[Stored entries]

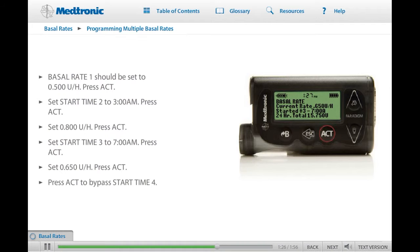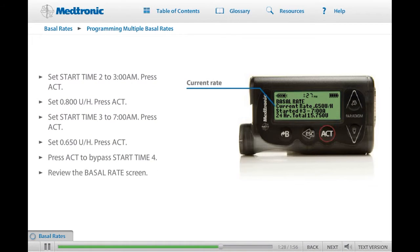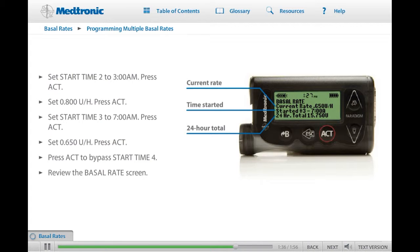Notice that the basal rate screen appears, showing the basal rate that is currently being delivered, the time the current rate started delivering, and the 24-hour total, which in this example is 15.750 units. This is the total amount of basal insulin that will be delivered over 24 hours when the basal rates and times are set using these values. Use your pump to practice setting multiple basal rates now. When you are ready, click Next to continue.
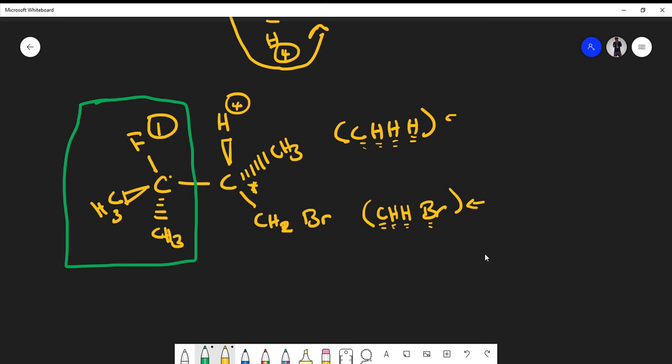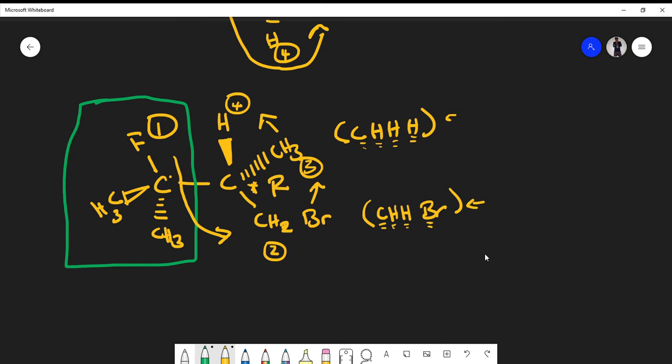So the bulk fluorine-containing group gets number one priority, CH2Br gets number two, and the methyl group gets number three. Connecting the dots from one to two to three, we are going S. However, our hydrogen — the lowest priority group — is not going away from us, so we take the opposite. The configuration of this chiral center is actually R.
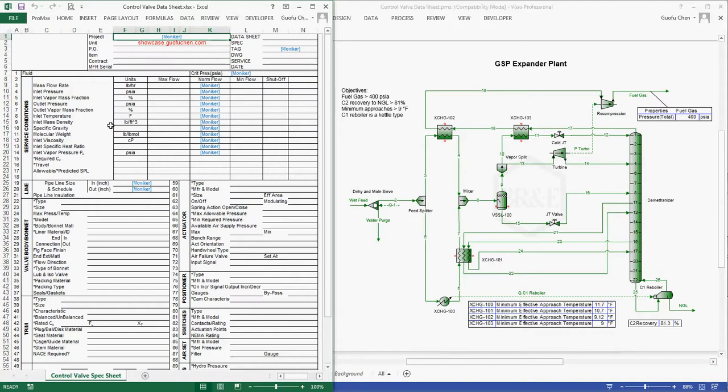This Excel spreadsheet is a standard IC control valve data sheet, but all the process information is missing.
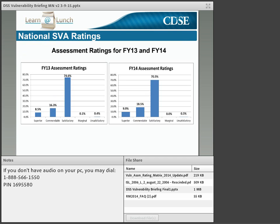Overall, industry does very well during DSS security vulnerability assessments. Less than 1% of assessments result in a marginal or unsatisfactory rating. In FY14, approximately 28% of facilities exceeded baseline NISPOM requirements and achieved a higher-than-satisfactory rating — an increase from 2013 reflecting an upward trend in security posture within industry. Each and every day, you work diligently to protect national security, and it is showing. Thank you for your commitment and for taking the time to attend today's training.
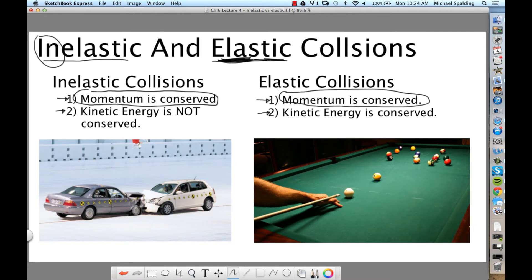For elastic and inelastic, the thing they have in common is that momentum is conserved. Momentum before the collision is going to equal momentum after the collision — that's always true. The key difference between elastic and inelastic is kinetic energy. In an elastic collision, kinetic energy is conserved. In an inelastic collision, kinetic energy is not conserved.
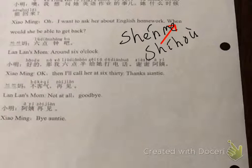So then he goes on to say, 'Well, when will she get back?' Let's just focus on the word 'when' — how to ask when. 什么时候, 什么时候. The little 侯 got cut off there, but it's pronounced 什么时候, 什么时候 — when.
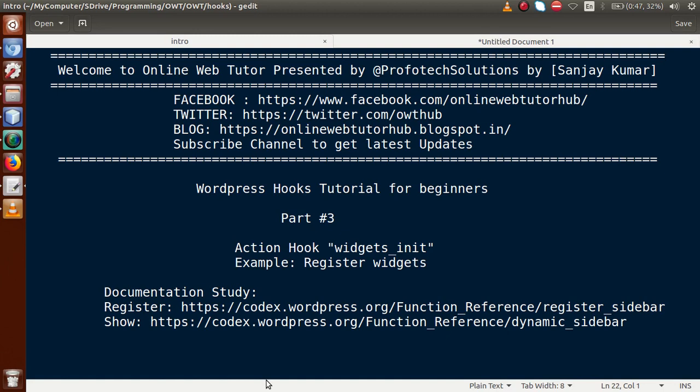Hello guys, welcome to Online Web Tutor presented by Prophetic Solutions Team. I am Sanjay. We are learning WordPress hooks tutorial for beginners and this is Part 3. In this video session we will see one of the action hooks called widgets_init. If you're a beginner on this channel, please don't forget to subscribe and keep watching our previous video sessions to get a clear concept about WordPress hooks.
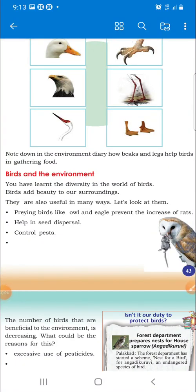Good morning everybody. Once again, welcome back to our EBS class. Now we are discussing Chapter 4: Wonder World of Birds. Our next topic is birds and the environment.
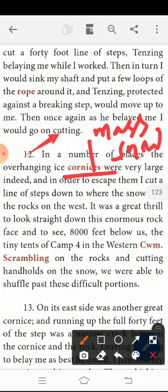At the summit, we will move to the summit. It was a great thrill to look straight down this enormous rock face and to see the tiny tents of camps 8,000 feet below us.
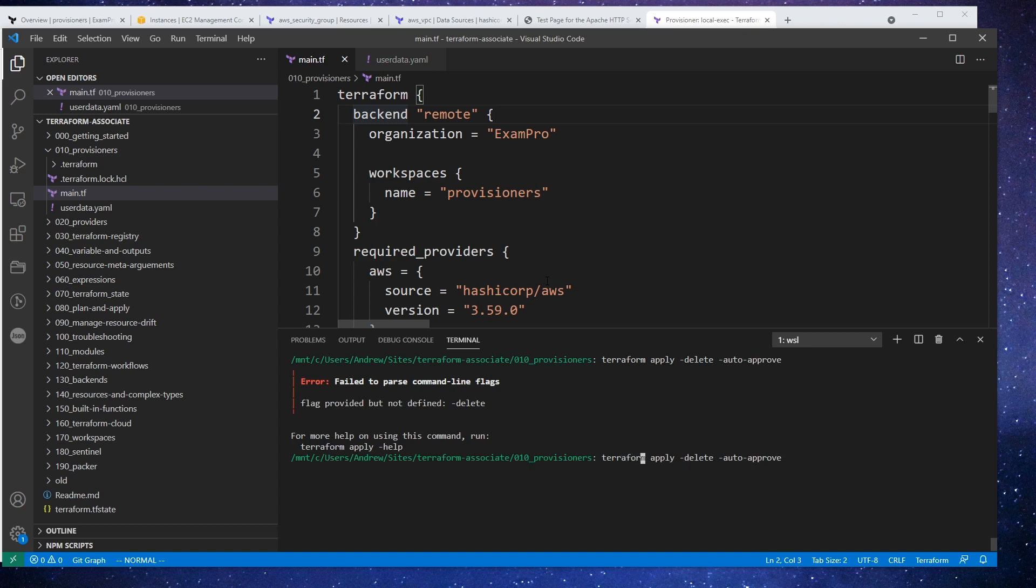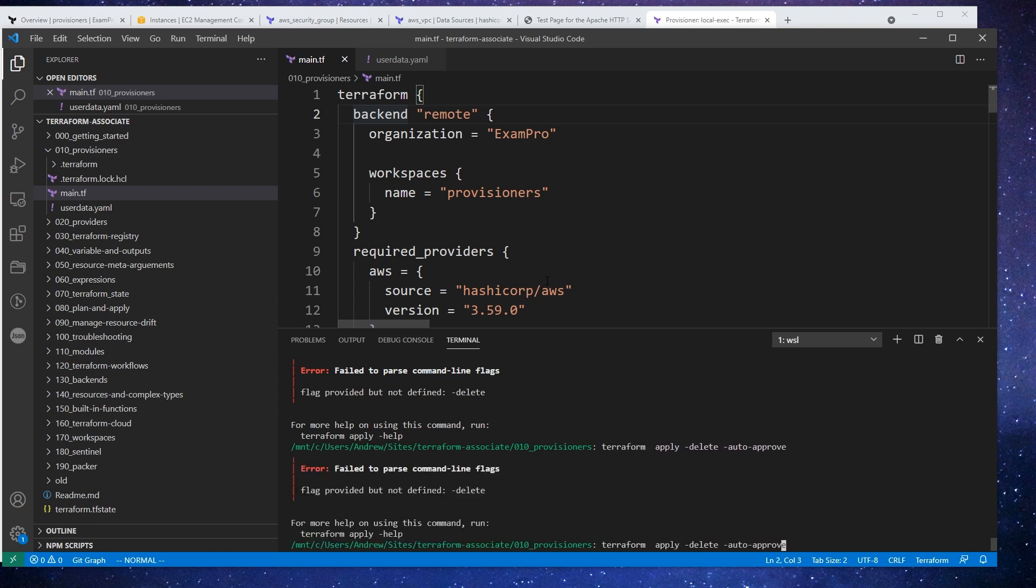Terraform. Did I spell terraform wrong? Delete. It should be that.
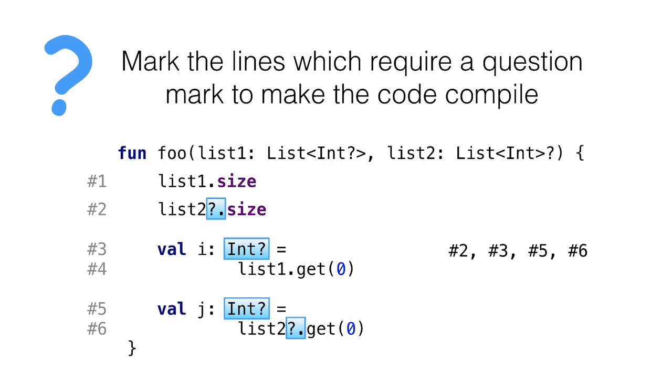In this video, you've learned that nullable types are implemented using annotations that brings no performance overhead. Also, now you can confidently use question mark to mark either the list element type as nullable or the list itself. Next, we are going to look at the new operator that makes type casts safe in Kotlin.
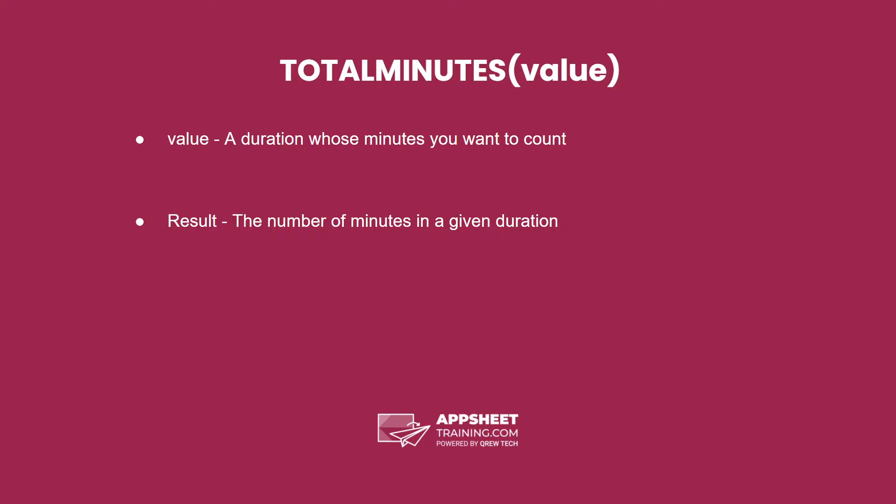The total minutes expression has one parameter, a duration whose number of minutes you want to count. The result is the total number of minutes in a given duration.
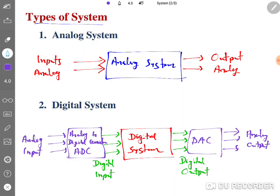In a digital system, if your input is analog, first we use an analog to digital converter, give it to the digital system, get digital output, and then use a digital to analog converter to get analog output. Examples of digital systems include your mobile phone — when you talk, your input is analog, it gets translated into digital, processed through the digital system, then converted back to analog output. Computers are also digital systems with digital input and digital output.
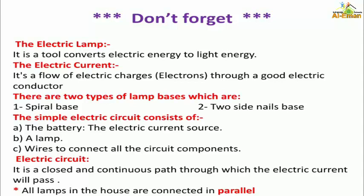The electric current means it is a flow of electric electrons, or electric charges, through a good electric conductor. There are also two types of lamp base: the spiral base and the two-side nails base. The simple electric circuit consists of a battery, a lamp, and a wire to connect all circuit components. The electric circuit is a closed and continuous path through which the electric current passes.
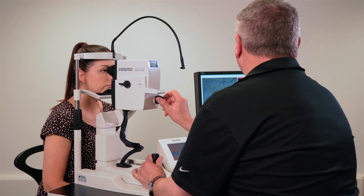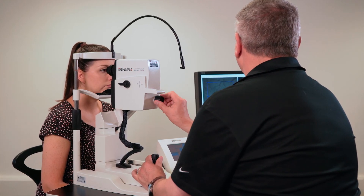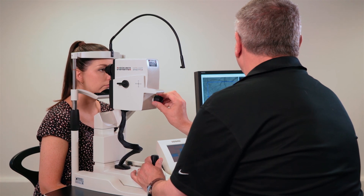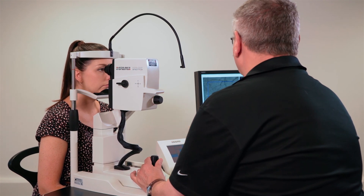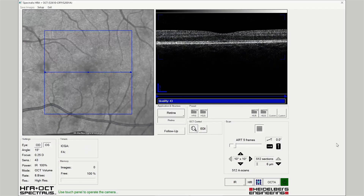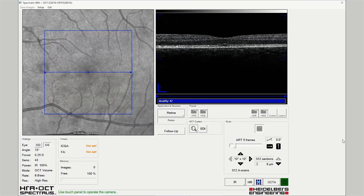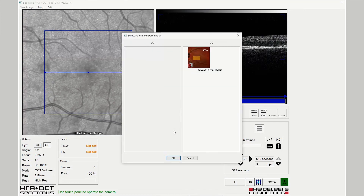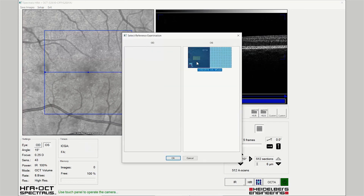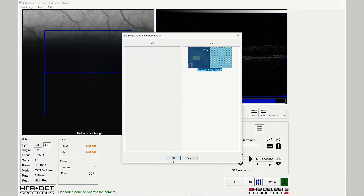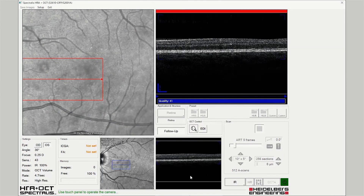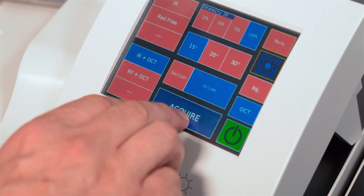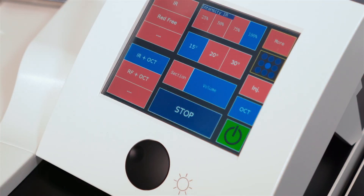To acquire the OCTA scan defined by the scan planning tool, launch the acquisition module, select the follow-up menu, and load the reference scan. Acquire the image in the normal way.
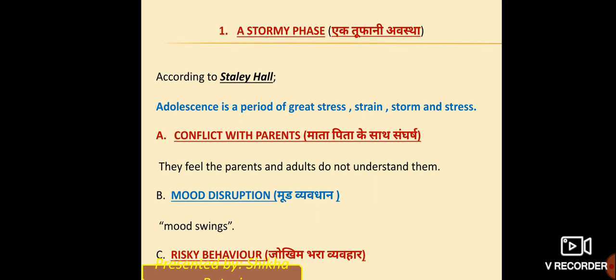They feel that parents and adults do not understand them. They always feel that parents don't want to understand them — because they want their parents to agree with them. When parents don't agree, they go into a state of opposition, and arguments happen with parents. This is a characteristic of this stage.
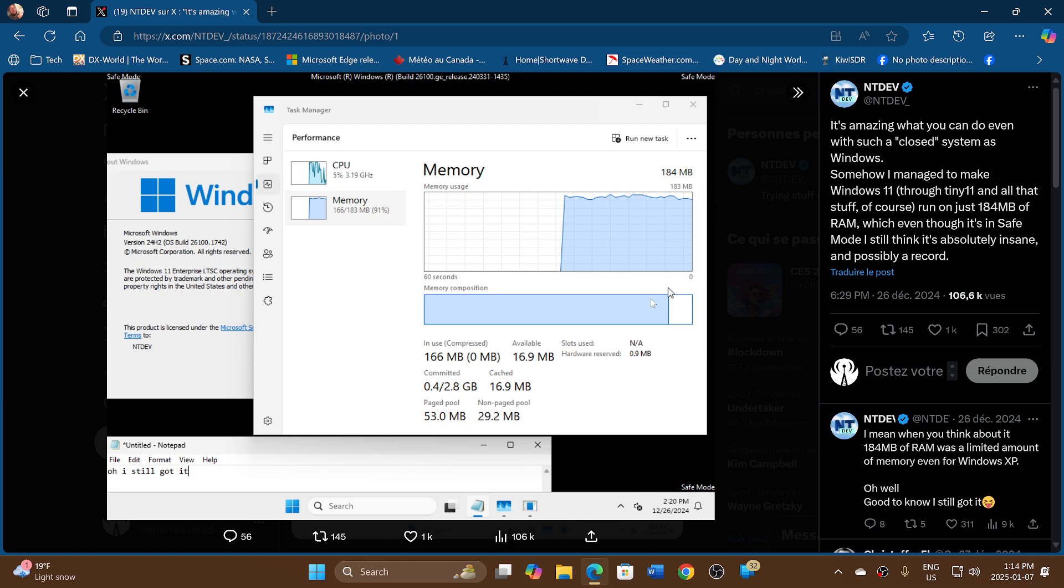If you want to check it out, I'll share the post from NTDev where you can see Windows 11 24H2 running with a bare 184 megabytes. Imagine - he's running it with 184. The minimum requirements for Windows 11 is, I believe, 2 gigabytes.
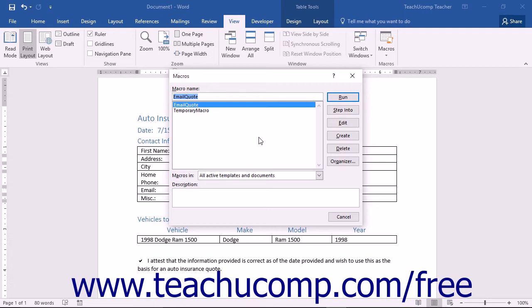A listing of the macros that are available will appear in the large white list box shown within the Macros dialog box. To run a macro shown in this list, click on its name to select it and click the Run button.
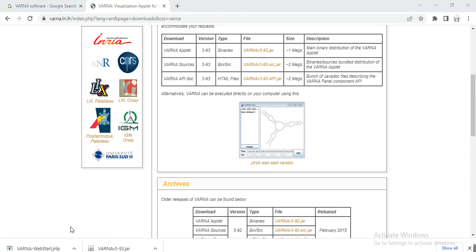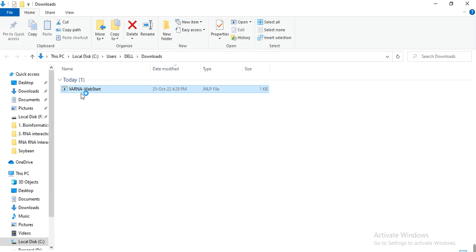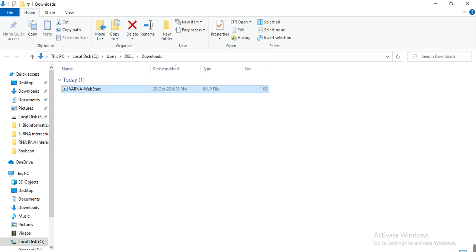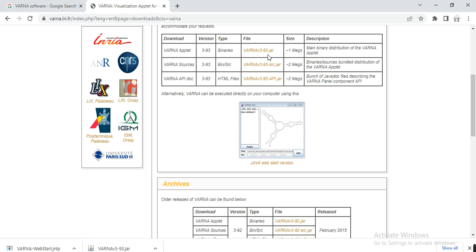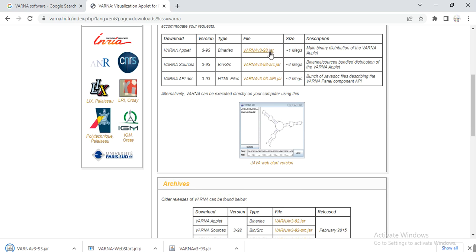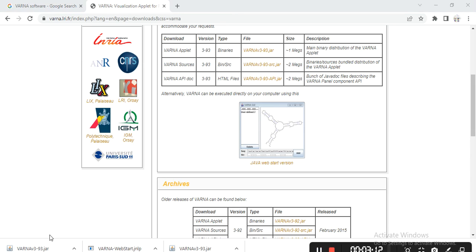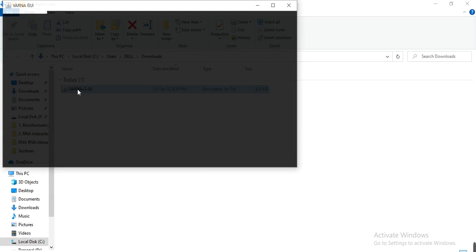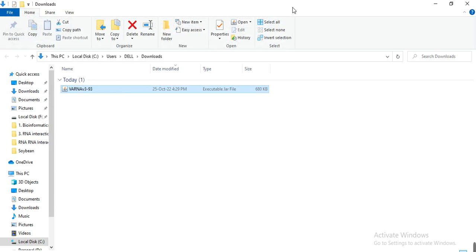Open it and start. Right-click to start the software, but here it shows that it fails to validate the certificate and the application will not be executed. You can try the version VARNA v3-93, then open the folder and right-click to start. It has started, but sometimes it gives an error.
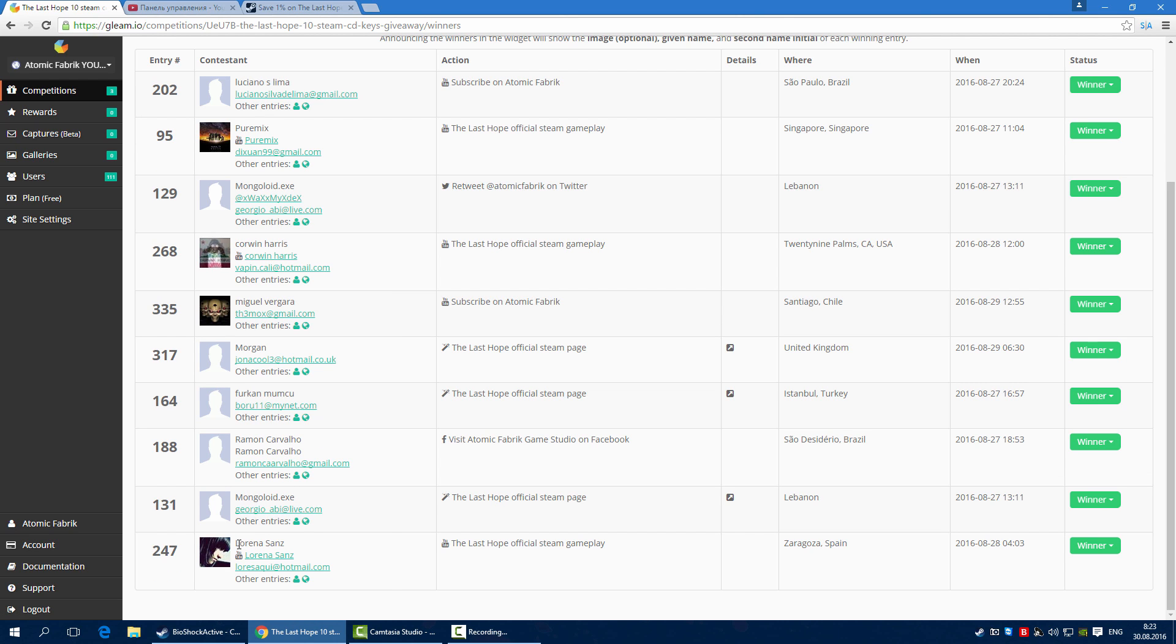And then Lorena. They are from Brazil, Singapore, Lebanon, USA, and many other countries.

- _TASK STATEMENT_: Once the line containing "A listing of" is found in the records above, it and every line after it up to the last must be repeated exactly, without pictures.

- _RESPONSE TO THIS TASK_:
A listing of the macros that are available will appear in the large white list box shown within the Macros dialog box. To run a macro shown in this list, click on its name to select it and click the Run button.
Open it and start. Right-click to start the software, but here it shows that it fails to validate the certificate and the application will not be executed. You can try the version VARNA v3-93, then open the folder and right-click to start. It has started, but sometimes it gives an error.
And then Lorena. They are from Brazil, Singapore, Lebanon, USA, and many other countries.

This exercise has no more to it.